#Donald Trump vient de nommer à la tête de l’EPA (Environmental Protection Agency) son plus pugnace adversaire, l’ex-ministre de la Justice de l’Oklahoma, #Scott Pruitt, 48 ans, le contempteur des mesures environnementales de la présidence de Barack Obama. Scott Pruitt est aussi considéré totalement à la solde du secteur des industries d’extraction des ressources fossiles d’énergie (charbon, pétrole, gaz de schiste) par toutes les ONG écologistes. En tant que ministre de la Justice de l’État d’Oklahoma, l’essentiel de son activité a consisté à entraîner 28 États dans une action judiciaire pour permettre aux centrales électriques au charbon de s’affranchir des normes de l’Agence de protection de l’environnement. Cette nomination intervient alors que la mobilisation contre la progression de la construction d’un oléoduc au Dakota du Nord vient d’obtenir de l’administration fédérale une modification du tracé, à défaut de l’abandon du projet dans lequel diverses banques françaises participent.

Sortie de l’accord de Paris

Donald Trump s’est aussi déclaré pour la sortie des États-Unis de l’#accord de Paris sur le réchauffement climatique et les émissions de gaz à effet de serre (les États-Unis sont le second producteur mondial après la Chine).

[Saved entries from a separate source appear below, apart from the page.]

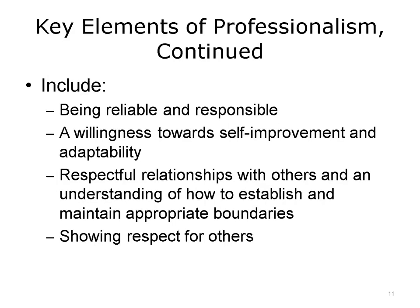Behaving in a professional manner also includes being reliable and responsible — doing what you say you will do, and doing it well. A willingness to always improve and grow as a professional is another key element of professionalism. Adapting to new situations as required will mark you as a valuable professional. Showing respect for yourself and others is also an important part of professional deportment and contributes to a healthy workplace.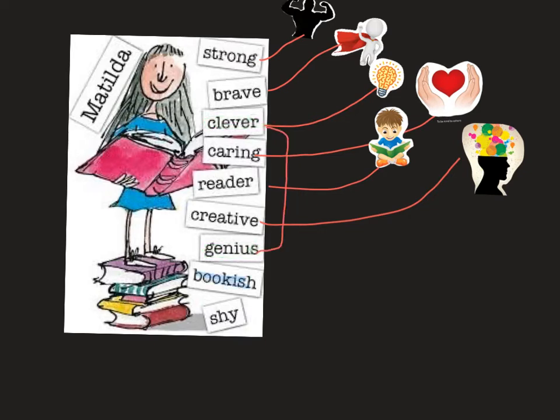Then we have the word bookish, which we could also link to another word: reader. So bookish and reader are about the same thing — to be in love with books. And that is something Matilda is.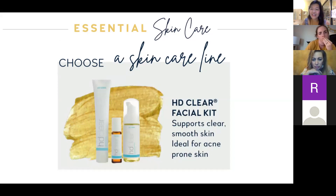The HD Clear line is what my kids use — I can tell when they haven't been using it faithfully because they have more breakouts. The main component is tea tree oil, which is so good for breakouts. You can also apply tea tree oil directly to a pimple and it will start to dry out immediately, though some people have sensitivity, so mix it with coconut oil. This line is about $40, lasts two months, and has a foaming facial wash, a pre-mixed roller, and a non-comedogenic lotion.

Scott Pruitt est l’un des plus tonitruants négationnistes du réchauffement climatique. Alors que même des climato-sceptiques tel Claude Allègre reviennent sur les plus outranciers de leurs dires à propos des interactions entre l’action humaine et le climat, les productivistes nord-américains nient toute interférence. Dans un premier temps, Donald Trump avait nommé Myron Ebell directeur provisoire de l’EPA. Lequel était déjà le pourfendeur du ‘’mythe du réchauffement climatique’’ et un ancien stipendié de l’industrie du tabac. C’était déjà, pour les associations et ONG écologistes, ‘’un incendiaire dirigeant les sapeurs-pompiers’’. Scott Pruitt est tout aussi virulent. Sa nomination doit être entérinée par le Sénat et les sénateurs sont déjà l’objet de pressions pour ou contre une ratification. Pour Donald Trump, les choses restent claires car ‘’le réchauffement global est un concept conçu par et pour les Chinois’’.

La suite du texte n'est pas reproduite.